- _WORK REQUEST_: For this exercise, repeat exactly the lines below starting at the line holding "SASCHA B BRASTOFF MID-CENTURY‎" and ending at the line holding "uncrave 【洗濯機洗い可】サテン ドロストスカート（uncrave", both included, with no extra lines and no pictures.

- _DATA SUPPLIED_:
___

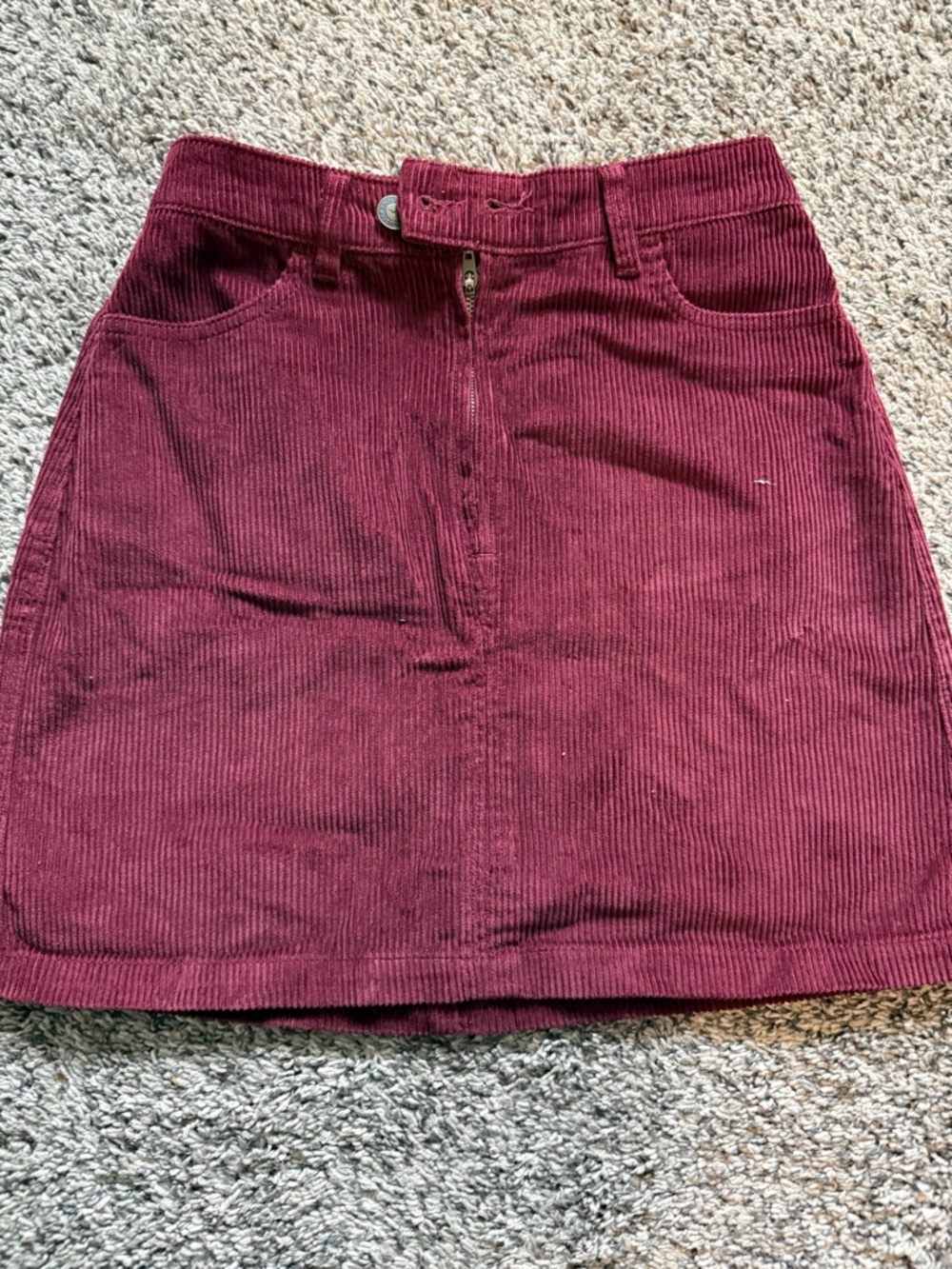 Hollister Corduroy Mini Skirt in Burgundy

___

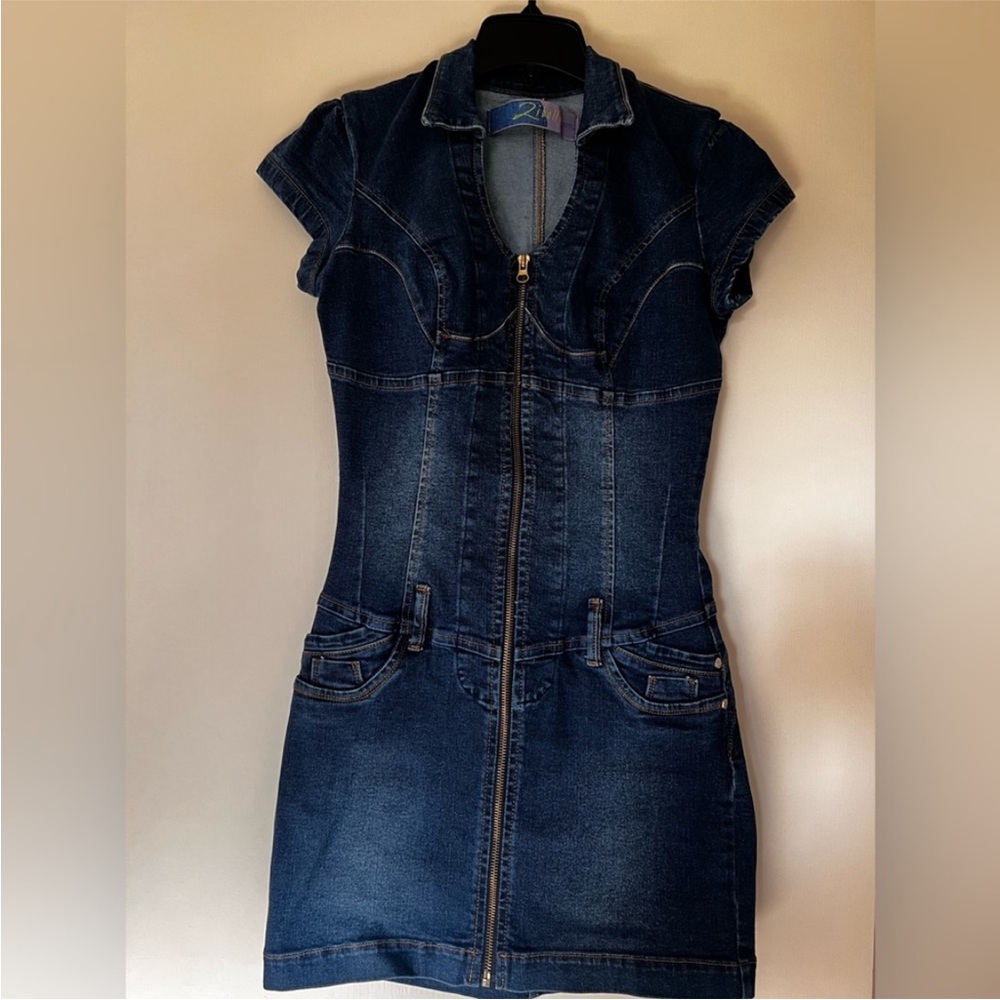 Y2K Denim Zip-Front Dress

___

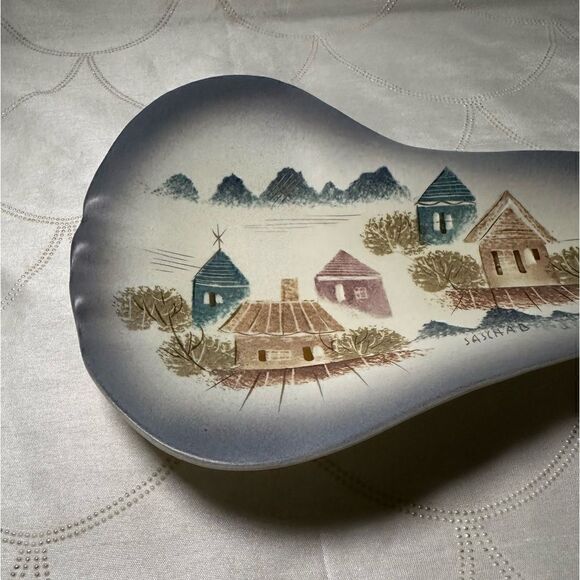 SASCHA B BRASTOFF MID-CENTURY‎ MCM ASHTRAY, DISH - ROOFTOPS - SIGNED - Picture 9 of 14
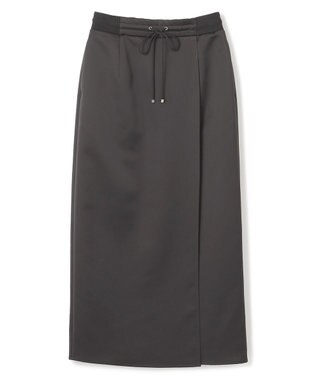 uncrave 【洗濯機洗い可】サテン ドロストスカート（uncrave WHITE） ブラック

___

- _ANSWER SPACE_:
 SASCHA B BRASTOFF MID-CENTURY‎ MCM ASHTRAY, DISH - ROOFTOPS - SIGNED - Picture 9 of 14
 uncrave 【洗濯機洗い可】サテン ドロストスカート（uncrave WHITE） ブラック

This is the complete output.